The client created a channel with all the servers returned by the resolver

Channel creation happens in a lazy fashion, it doesn’t create the Channel immediately, it waits until a Call(request) is made to the server(please keep it in mind)
Once the server acknowledges the channel creation by the client, the client creates Sub-Channels.
Channel is a collection of Sub-Channels, it’s the Sub-Channels that actually maps the calls to the server
Channel creation can take up to 3 seconds(please keep it in mind we have a use case to discuss)

Types of Stub

On the client-side client has an object known as a stub, there are two types of stub- Blocking, Non-Blocking, and Listenable Future Stub.
Blocking Stub is when the client sends a request to the server and waits for the response.
Non-Blocking Stub is used to make a streaming call, it makes the calls asynchronously and response is returned asynchronously from the server. This stub can be used for Client-side streaming RPC calls.
Listenable Future Stub is when the client doesn’t wait for the response and the call returns a ListenableFuture. The client should add a callback to get the response for the requests.
Refer here for more info

What is Deadline?

A Deadline is a time duration that allows a client to specify for how long it is ready to wait for and RPC to get completed. The deadline is absolute in time. If the server takes more time than the Deadline, the RPC is terminated with DEADLINE_EXCEEDED error.

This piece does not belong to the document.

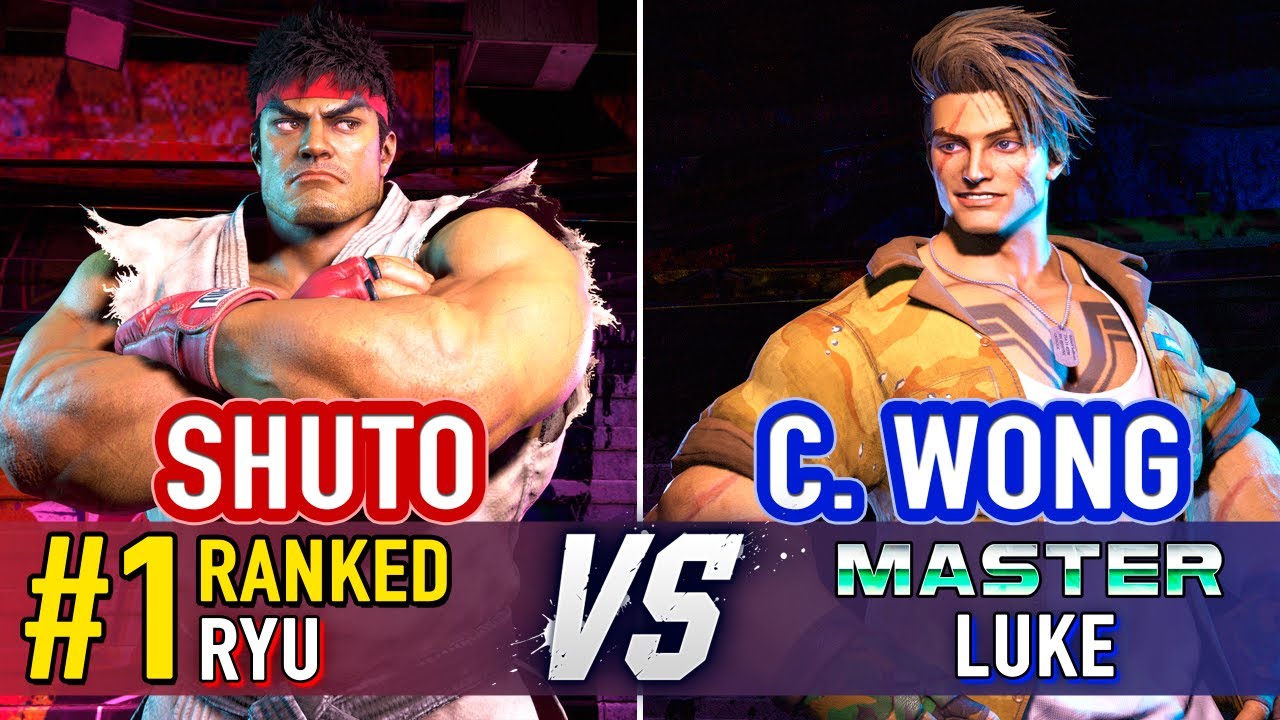 SF6 🤜 Shuto (#1 Ranked Ryu) vs Chris Wong (Luke) 🤛 Street Fighter 6 High Level Gameplay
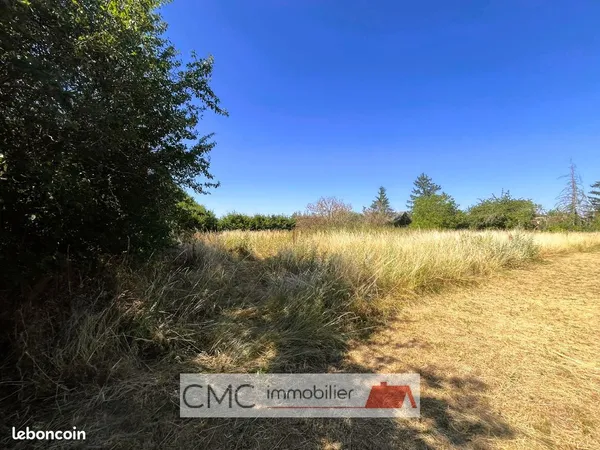 Terrain 5486 m² Fontenay-sur-Eure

How the deadline is propagated across RPC?

A deadline is calculated before making an RPC calls to the server stub
Deadline deadline = current timestamp + deadline duration
When current timestamp becomes greater than the deadline, RPC gets terminated
The server always knows if an RPC is valid

Java Client example with Deadline for the server that we had created in the previous article.

One more class GrpcClient.java is added in the same package where the server is present(check the image for structure). Get the code from this GitHub repository.

Project structure after adding gRPC Java Client

Let’s discuss gRPC client. In order to create a gRPC client, we need to create the channel first by providing the host and the port. After that, We are going to create a Blocking and a Listenable Future Sub(explained earlier) to explain the working.

Once the client stub is created we can now make an RPC call and get the response from the server. We have used a 5 ms deadline for the RPC call.

In case if the server is not able to reply within 5ms client will terminate the request Stream and a DEADLINE_EXCEEDED exception is thrown. If there is no server-side Deadline, the server will process the request for sure.

Response from both Blocking and Future stubs

Exception when Deadline exceeded

Why gRPC servers don’t receive the first few packets if the Deadline is smaller?

Scenario: We had to implement a gRPC client with a 5ms Deadline. We noticed that the server was not getting the some of the initial requests sent by the client.

Now that the server didn’t receive any request from the client but the client made requests and threw DEADLINE_EXCEEDED exception, what happened to request?

Read the error message carefully that says waiting_for_connection. Let’s dig deep into it and will explain what is going on

The client sent a request to the server to establish a channel.
As we know channel creation is a lazy job, it's not created immediately until we make an RPC call.
Client starts sending a request(by this time channel is not established) request waits for the channel to get established.
By the time deadline exceeds and client terminates the RPC and throws DEADLINE_EXCEEDED exception.
So basically the RPC call didn’t reach the server stub and hence we miss the initial requests at the server-side.
To conclude this let’s look at the TCPdump in Wireshark, The IP ending with .224 is the client stub and that ending with .41 is the server stub.

We can see that the first few attempts failed to establish the channel, hence any RPC call made in this duration will not reach the server.
We can also see that it took 2.72 seconds to establish the channel and then a successful RPC call was made and it reached the server as well.
Look at this screenshot, here the first call with a 1-second deadline got served by the server and later request throws the DEADLINE_EXCEEDED exception with message [remote_addr=/127.0.0.1:8080]. It means that channel is established.